Italian Senator for North and Central America
- In office 29 April 2008 – 14 March 2013
- Preceded by: Renato Turano
- Succeeded by: Renato Turano

Saint-Leonard City Councillor, Ward Eight
- In office 1982–1990
- Preceded by: Rosario Ortona
- Succeeded by: Vincent Arciresi

Personal details
- Born: February 3, 1952 (age 74) Frascineto, Italy
- Party: The People of Freedom
- Other political affiliations: Vision Montreal Liberal Party of Canada Ralliement de Saint-Léonard Municipal Renewal Party of Saint-Leonard (1982-1984)
- Alma mater: Sapienza University of Rome Université de Montréal
- Occupation: Politician, journalist

= Basilio Giordano =

Italian-Canadian politician (born 1952)

Basilio Giordano (born February 3, 1952) is an Italian and Canadian politician and journalist. He was a city councillor in the Montreal, Quebec borough of Saint-Leonard from 1982 to 1990 and served in the Italian Senate from 2008 to 2013, representing Italian voters in North and Central America as a member of Silvio Berlusconi's People of Freedom party.

==Early life and career==
Giordano was born in Frascineto, Calabria. While living in Italy, he studied languages and literature at the Sapienza University of Rome and worked in the Vatican's Congregazione di Propaganda Fide. After moving to North America in 1975, he earned a Bachelor of Arts degree in languages from the Université de Montréal (1980). Giordano's biography indicates that he is fluent in Italian, English, French, and Spanish.

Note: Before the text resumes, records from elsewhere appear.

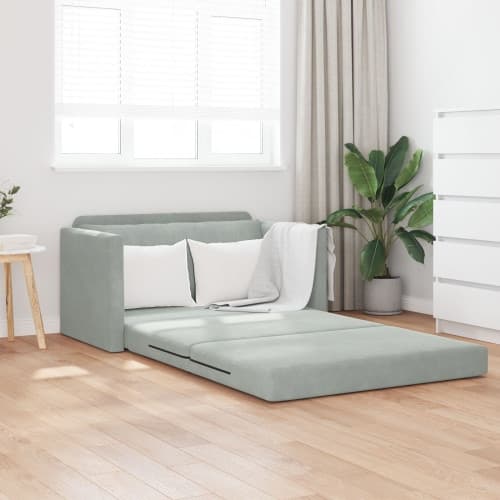 Golvsängsoffa 2-i-1 Ljusgrå 124x204x61 cm Sammet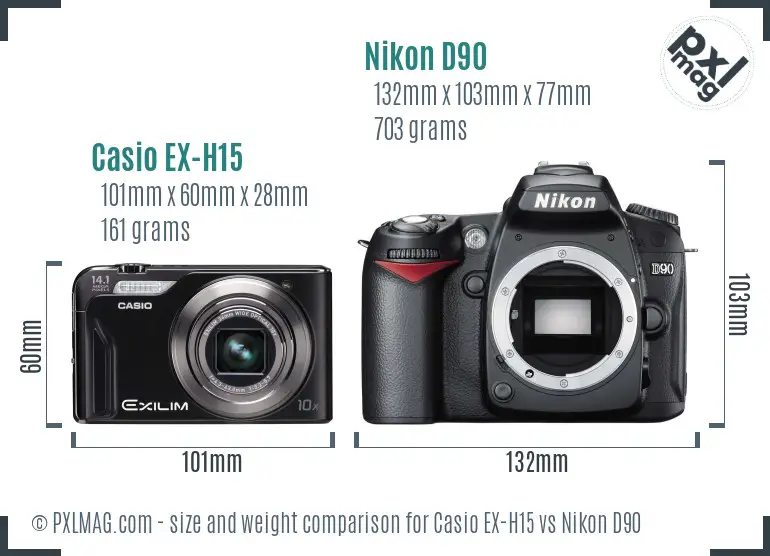 Casio EX-H15 vs Nikon D90 size comparison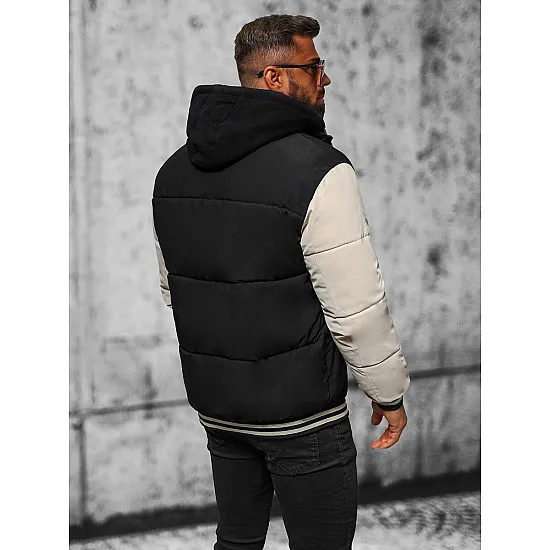 Miesten musta takki ruskeilla hihoilla Ecru JS/31M5002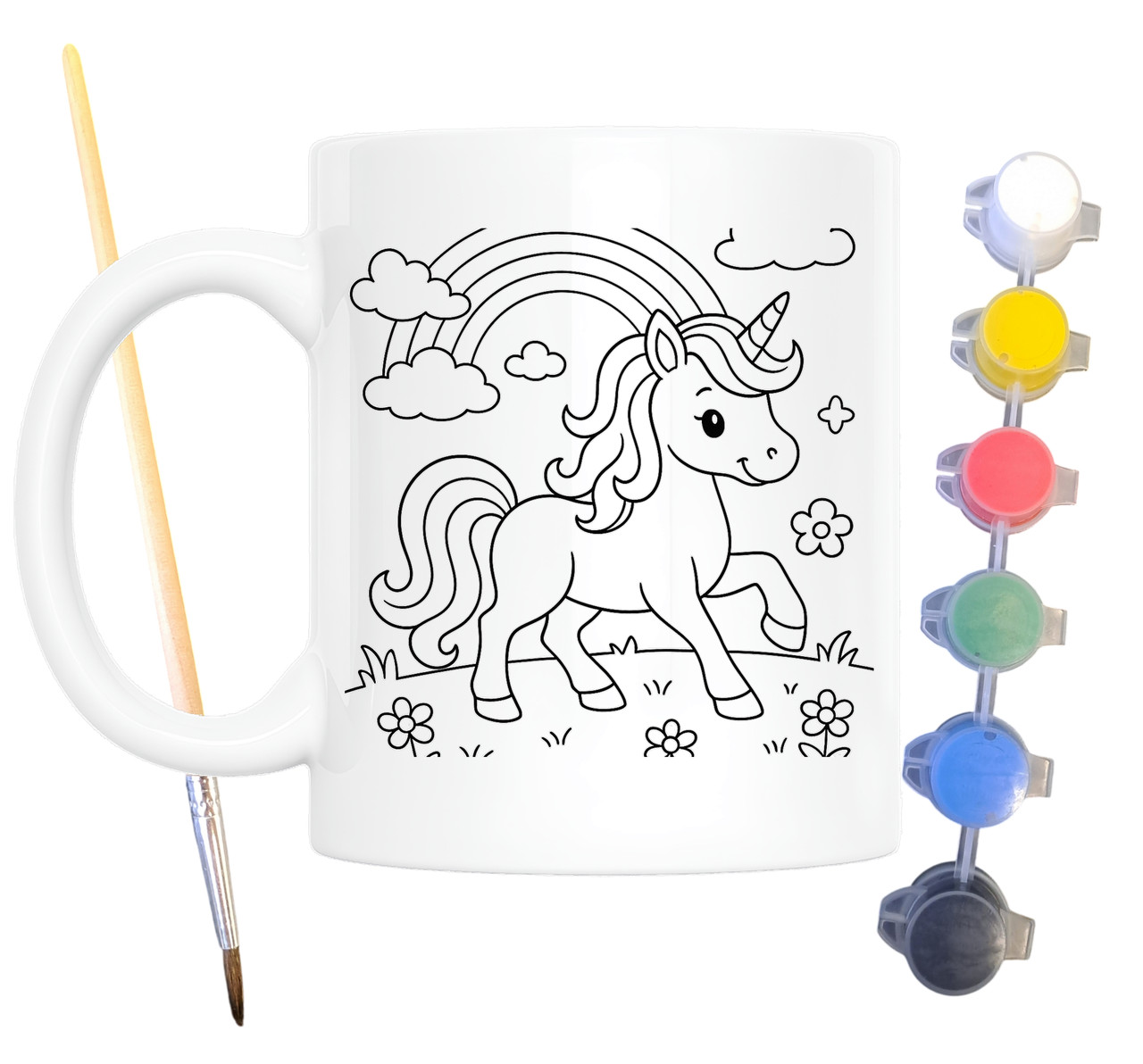 Набір для творчості кружка розмальовка Казковий Єдиноріг 330 мл біла (КР0132), фото 1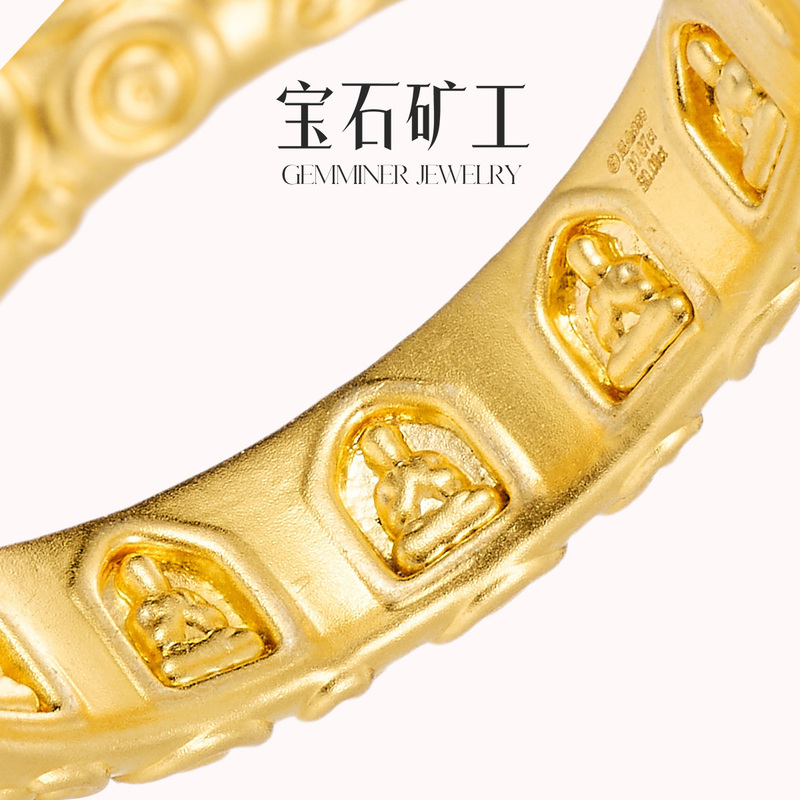 In-Stock Gemstone Miner Gold Rings from the "Thousand Buddha Cave" Series, Featuring Emeralds and Sapphires, 5D Stacked Gold Rings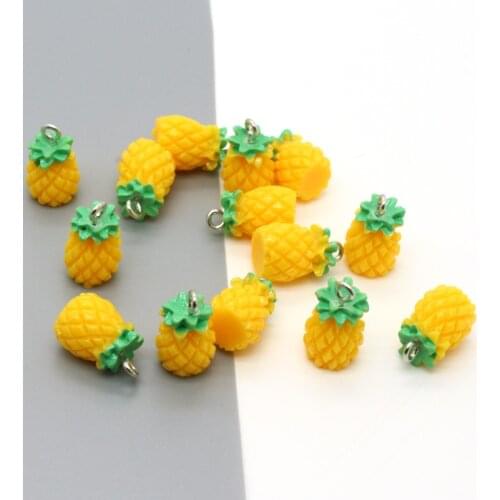 10pcs Kawaii Mini Fruit Pineapple Earring Resin Charms DIY Craft Food Pendants For Necklace Key Chains Jewelry Make Accessory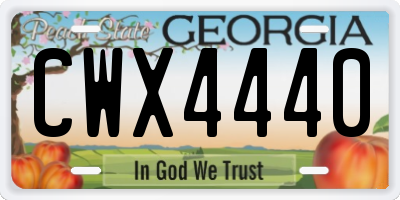 GA license plate CWX4440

Giordano was a political aide to Saint-Leonard mayor Michel Bissonnet from 1978 to 1980 and continued to work for Bissonnet after the latter's election to the National Assembly of Quebec in the 1981.

==City councillor==
Giordano was elected to the Saint-Leonard city council in 1982 as a member of mayor Antonio di Ciocco's Équipe du renouveau de la cité de Saint-Léonard. This party dissolved after di Ciocco's death in 1984, and Giordano became a founding member of the successor Ralliement de Saint-Léonard (RdSL) party led by new mayor Raymond Renaud. He was re-elected under the new party's banner in 1986. After an internal party crisis in 1988, he was one of only two councillors to remain aligned with Renaud; the other eight RdSL representatives resigned to sit as independents.

==Journalist==
Giordano become the editor of Il Cittadino Canadese, a community journal for Montreal's Italian community, in 1986.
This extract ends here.